September 2, 2011, was a lot like today, the Friday before a long holiday weekend. While many were already turning their attention to backyard barbecues and afternoon naps in hammocks, the then-Administrator of the White House Office of Information and Regulatory Affairs (OIRA) Cass Sunstein, the controversial official charged with supervising federal regulatory activities, dropped a bombshell. In a notice known as a “return letter,” Sunstein publicly announced that President Obama was rejecting what would have been one of the most important public safeguards during his time in office: the Environmental Protection Agency’s (EPA) pending rule to strengthen the national air quality standard for harmful ozone pollution. It was, and remains, one of the darkest days of Obama’s time in office, at least where public health and environmental protection are concerned.
Mountains of scientific evidence confirm that ozone pollution is nasty stuff, and high levels of exposure can be harmful to human and environmental health. It can trigger asthma attacks and aggravate lung diseases such as bronchitis, leading to missed work and school days, emergency room visits, and even premature death. These effects are especially alarming considering that the American Lung Association found in its 2016 State of the Air report that nearly 163 million Americans – or more than half the people in the United States (51.1 percent) – live in areas with unhealthy levels of ozone. The devastating impacts of ozone pollution extend no less significantly to the natural environment, where it causes visible damage and impairs growth in plants and trees, leaving them vulnerable to death and disease.

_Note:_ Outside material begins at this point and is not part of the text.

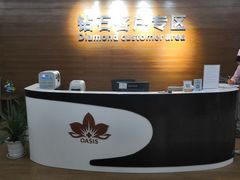-慈铭奥亚健康体检(南山店-保利分院)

We’ve since learned the EPA was on the cusp of finalizing a rule that would have set the standard, referred to as a National Ambient Air Quality Standard (NAAQS), at 70 parts per billion (ppb), down from the weak level of 75 ppb that had been rushed through in the waning days of the George W. Bush administration (in direct contravention of the unanimous advice that the Bush EPA had received from its own public health experts, no less). Because of the Obama White House’s interference in 2011, the EPA had to start the rulemaking over. It only finished a new rule setting the ozone NAAQS at 70 ppb in October 2015 – a delay of more than four years.
Despite all the progress that President Obama has made on environmental protection and public health, this decision will continue to tarnish his legacy. As a preliminary matter, it did tremendous harm to public health. At the time, the EPA estimated that its final rule would annually prevent up to 4,300 premature deaths, 2,200 nonfatal heart attacks, 23,000 cases of aggravated asthma, and 770,000 missed school and work days. Now, to get the full measure of the costs of delay caused by the administration’s interference, multiply those numbers by four for the number of years it took to finalize a reworked standard.
What would induce the Obama administration to turn its back on a policy that was so clearly in the public interest? Unfortunately, the answer seems to have been naked politics. The New York Times reported a few months afterwards that the decision had been primarily motivated by concerns that the rule could endanger Obama’s reelection chances in 2012.
Of course, this was not the public explanation that the administration offered for blocking the rule. Instead, the September 2 return letter disingenuously chalks up the decision in large part to a desire to “minimize regulatory costs and burdens, particularly in this economically challenging time.” Even if this were a good policy justification – it isn’t – it would still be contrary to the relevant law. For one thing, the Clean Air Act charges the EPA Administrator with setting the ozone NAAQS, not White House bean-counters like Cass Sunstein. For President Obama to assert final decision-making authority through his OIRA Administrator over this issue is in direct contravention of the Clean Air Act’s clear language.
For another, the Clean Air Act clearly forbids consideration of regulatory costs and prevailing economic circumstances when setting the ozone NAAQS. Indeed, the U.S. Supreme Court, in a unanimous decision penned by the late Justice Antonin Scalia no less, concluded that NAAQS can only be based on considerations of public health and medical science. Obama and Sunstein blatantly disregarded this mandate by making industry profits and irrelevant economic conditions the determinative decision-making factors.
This inauspicious anniversary will likely go unnoticed by many, but it is still worth reflecting on. It clearly illustrates how tilted our regulatory system has become in favor of corporate interests and away from the public interest. The story of Obama’s rejection of the ozone NAAQS is a story of politics being prioritized ahead of policy, of profits being prioritized ahead of people and our environment, and of agency expertise losing out to improper presidential meddling.
It confirms what my co-authors said in a recent CPR report on the need to rebuild the regulatory system so that it once again puts the public interest first. There, we urged the next president to adopt the kind of crucial reforms that can help prevent a redux of the Obama ozone debacle.
It is also worth considering Obama’s 2011 rejection of the ozone NAAQS in the context of the current presidential election. The eventual winner, whoever he or she may be, will undoubtedly face similar circumstances. It is therefore fair to ask both candidates how he or she might respond if faced with a similar choice. Will he or she champion the public interest? Or will the next president prioritize the narrow interests of politically powerful corporations?